Records for this exercise:
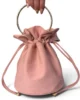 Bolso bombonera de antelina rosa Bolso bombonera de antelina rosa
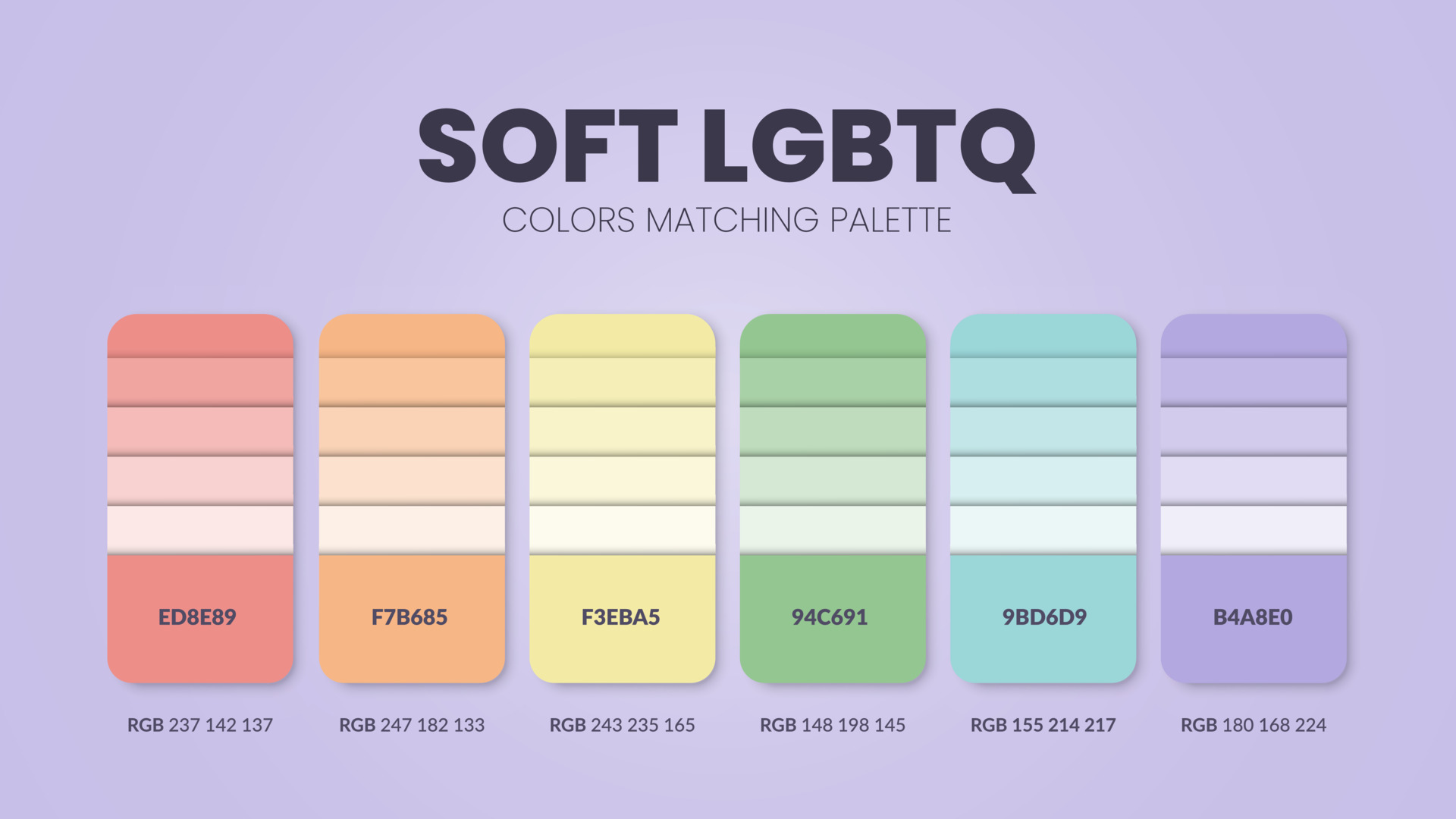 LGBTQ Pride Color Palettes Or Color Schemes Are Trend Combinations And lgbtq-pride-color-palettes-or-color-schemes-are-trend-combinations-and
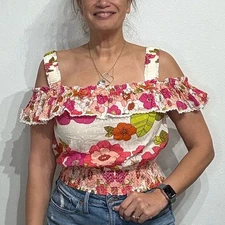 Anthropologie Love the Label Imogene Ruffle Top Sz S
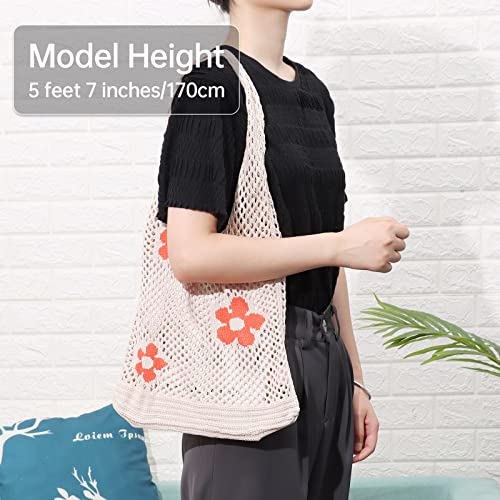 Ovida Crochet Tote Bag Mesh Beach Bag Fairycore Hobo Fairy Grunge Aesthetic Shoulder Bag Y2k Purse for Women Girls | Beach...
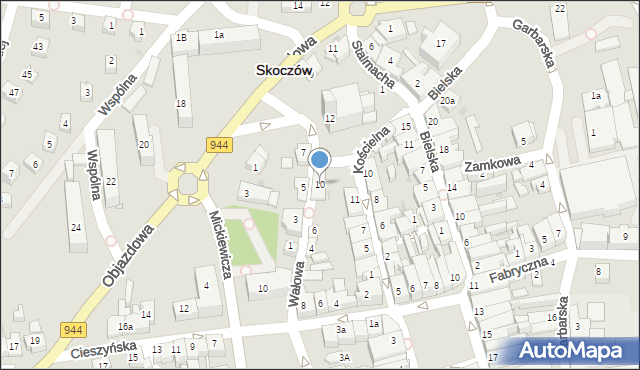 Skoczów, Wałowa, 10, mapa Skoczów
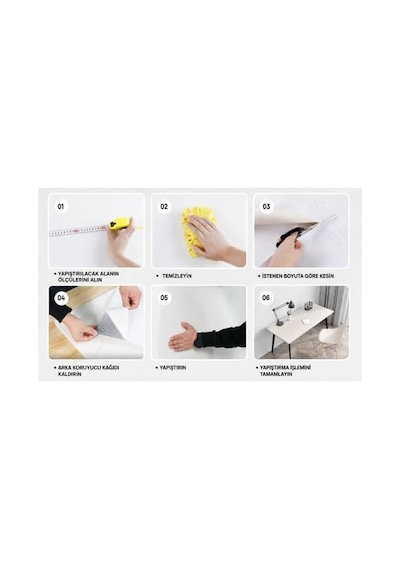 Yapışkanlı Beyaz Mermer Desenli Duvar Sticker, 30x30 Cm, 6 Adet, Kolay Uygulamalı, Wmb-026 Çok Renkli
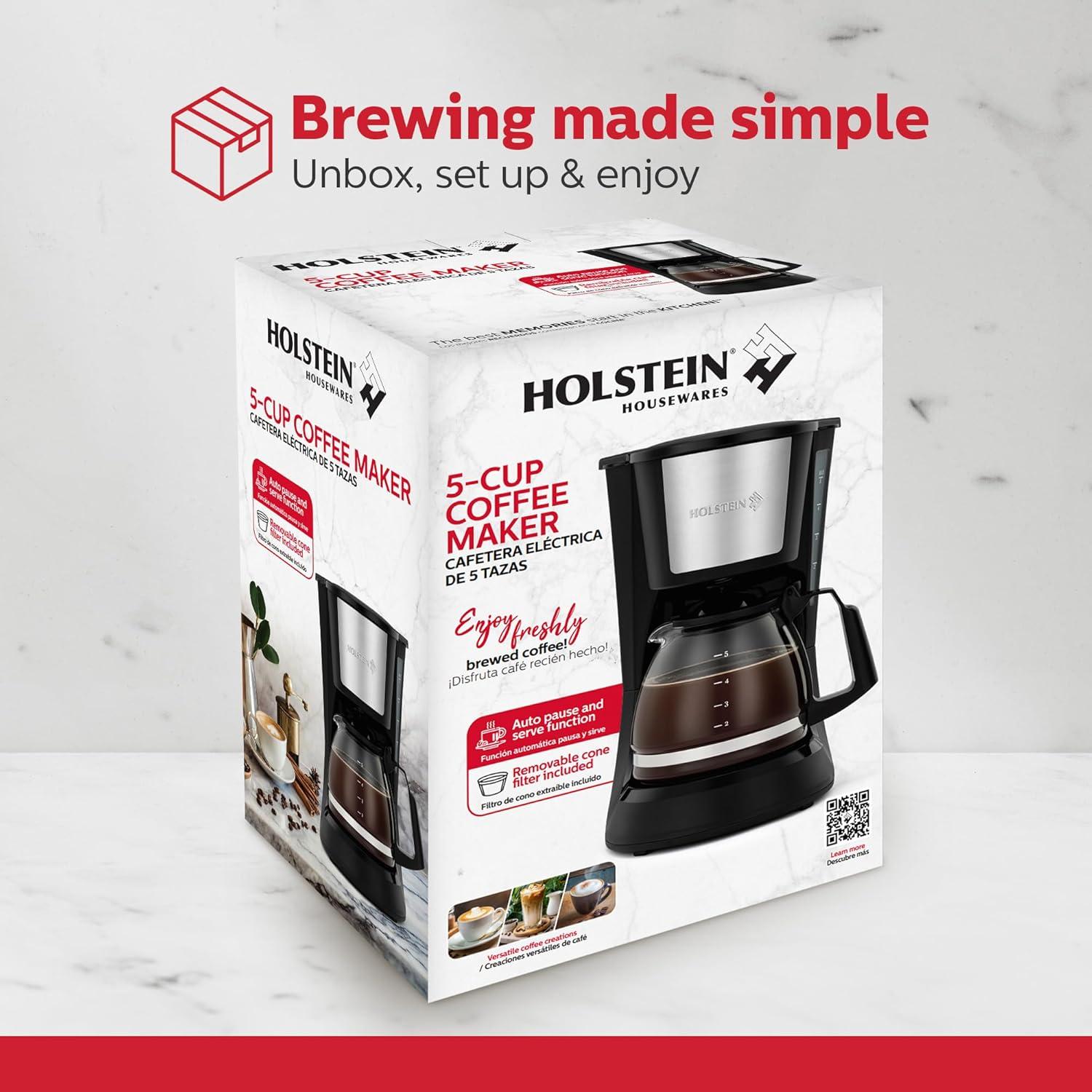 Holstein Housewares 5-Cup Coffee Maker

What needs to be done:
Retype the full listing exactly; pictures stay out.

Answer to the problem:
 Bolso bombonera de antelina rosa Bolso bombonera de antelina rosa
 LGBTQ Pride Color Palettes Or Color Schemes Are Trend Combinations And lgbtq-pride-color-palettes-or-color-schemes-are-trend-combinations-and
 Anthropologie Love the Label Imogene Ruffle Top Sz S
 Ovida Crochet Tote Bag Mesh Beach Bag Fairycore Hobo Fairy Grunge Aesthetic Shoulder Bag Y2k Purse for Women Girls | Beach...
 Skoczów, Wałowa, 10, mapa Skoczów
 Yapışkanlı Beyaz Mermer Desenli Duvar Sticker, 30x30 Cm, 6 Adet, Kolay Uygulamalı, Wmb-026 Çok Renkli
 Holstein Housewares 5-Cup Coffee Maker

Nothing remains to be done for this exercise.